■ **Task**:
Copy all lines below exactly as written. Leave pictures out.

*** Opening of Dataset ***

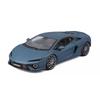 Kyosho Bburago Масштаб 1/18 Lamborghini Temerario Синий Литой Модель Автомобиля Полная Реплика BUR11052BL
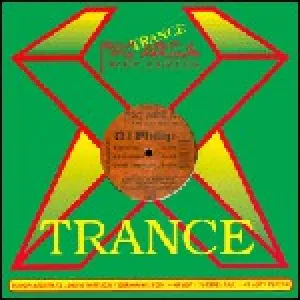 Pochette de Spring de DJ Philip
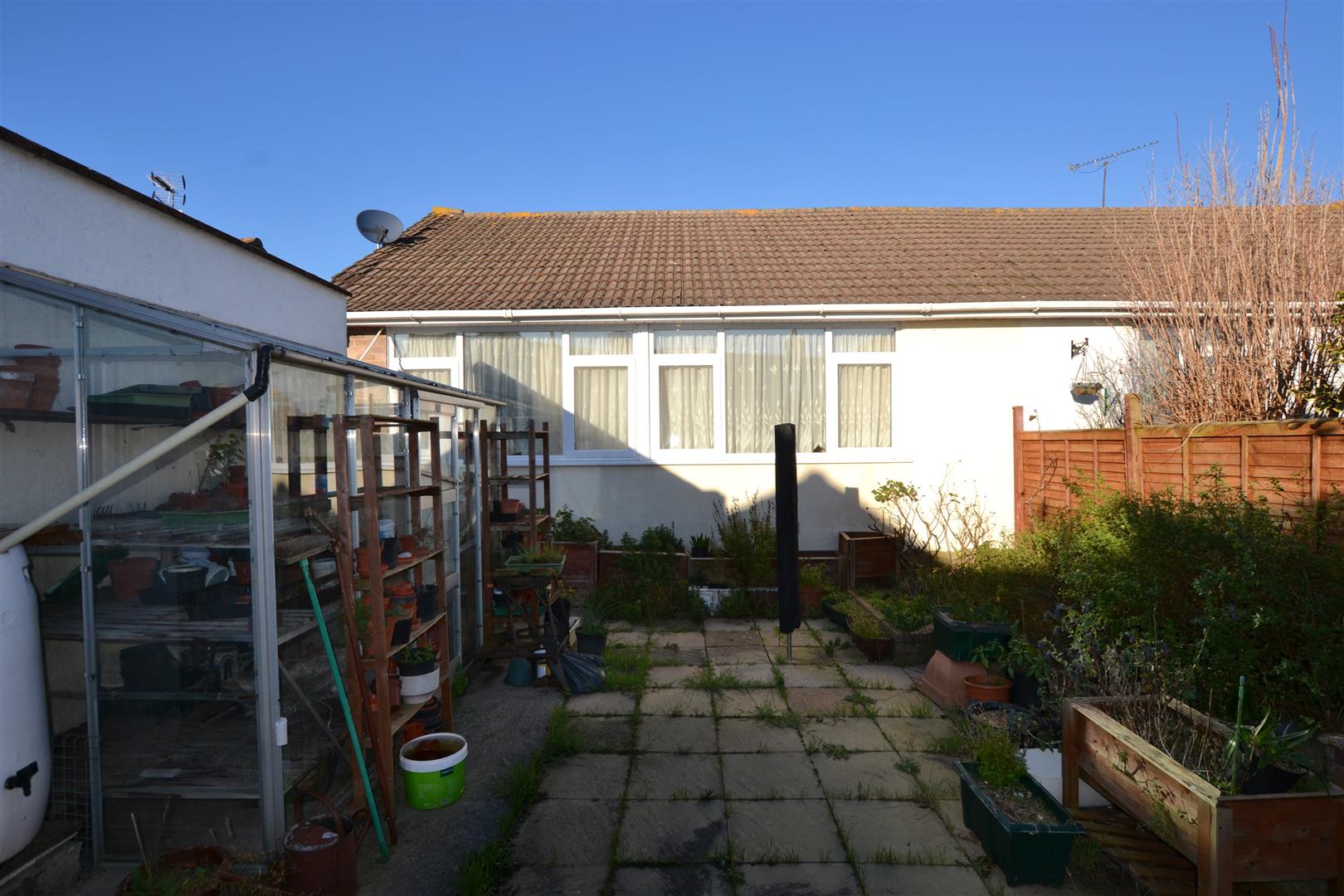 Rock Avenue, Nailsea Gino's Estate Agents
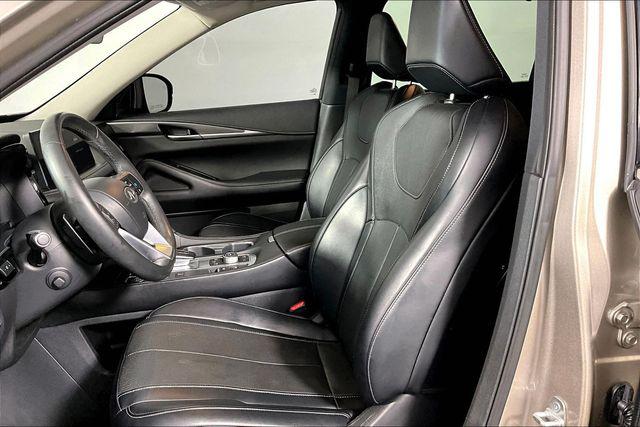 Used 2023 INFINITI QX60 LUXE For Sale in Olive Branch, MS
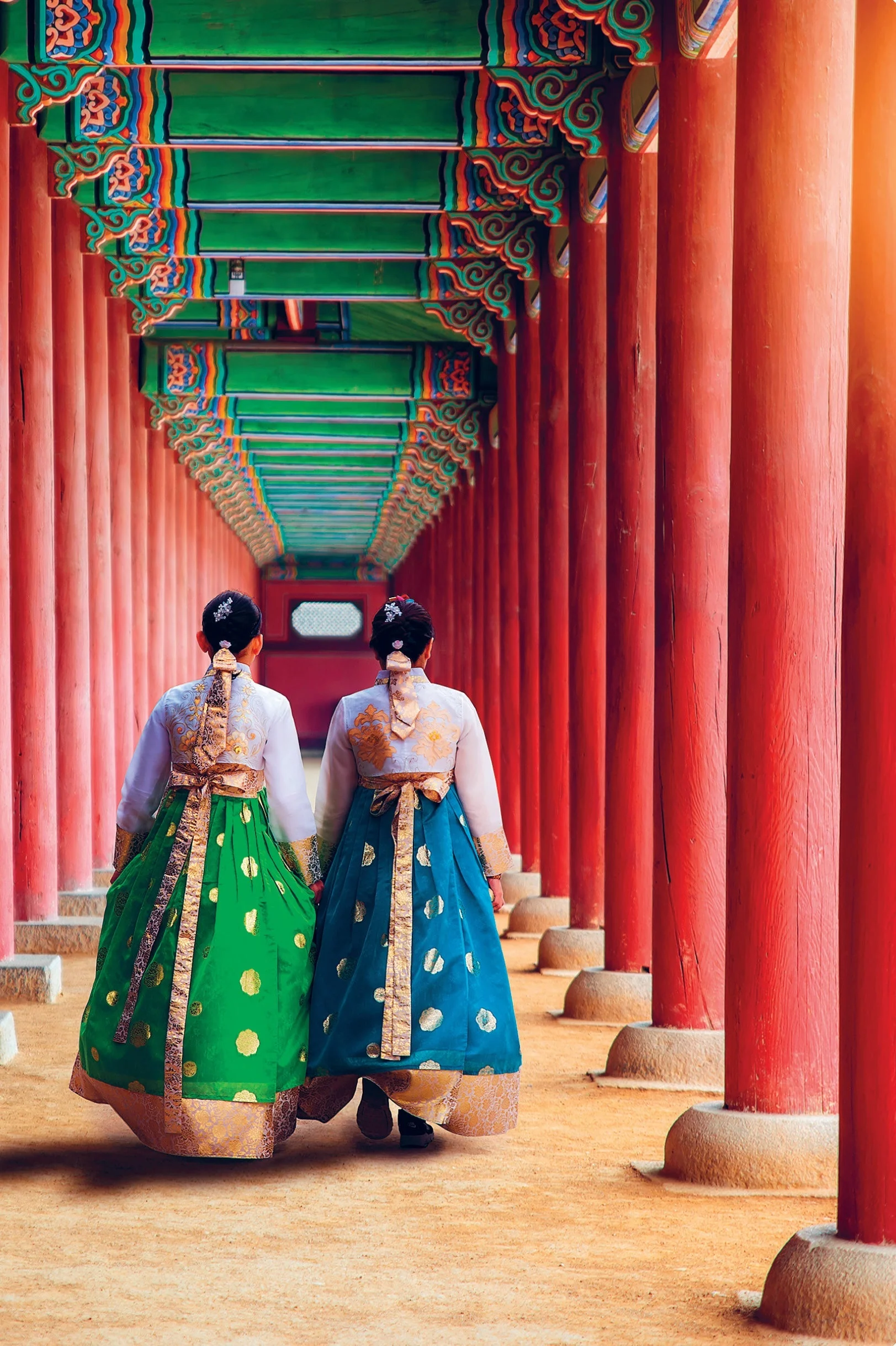 Seoul - Book + eBook - Image 5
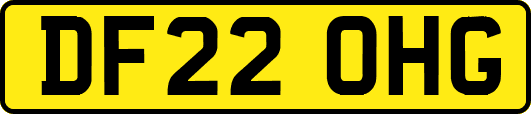 DF22OHG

*** Close of Dataset ***

■ **Answer space**:
 Kyosho Bburago Масштаб 1/18 Lamborghini Temerario Синий Литой Модель Автомобиля Полная Реплика BUR11052BL
 Pochette de Spring de DJ Philip
 Rock Avenue, Nailsea Gino's Estate Agents
 Used 2023 INFINITI QX60 LUXE For Sale in Olive Branch, MS
 Seoul - Book + eBook - Image 5
 DF22OHG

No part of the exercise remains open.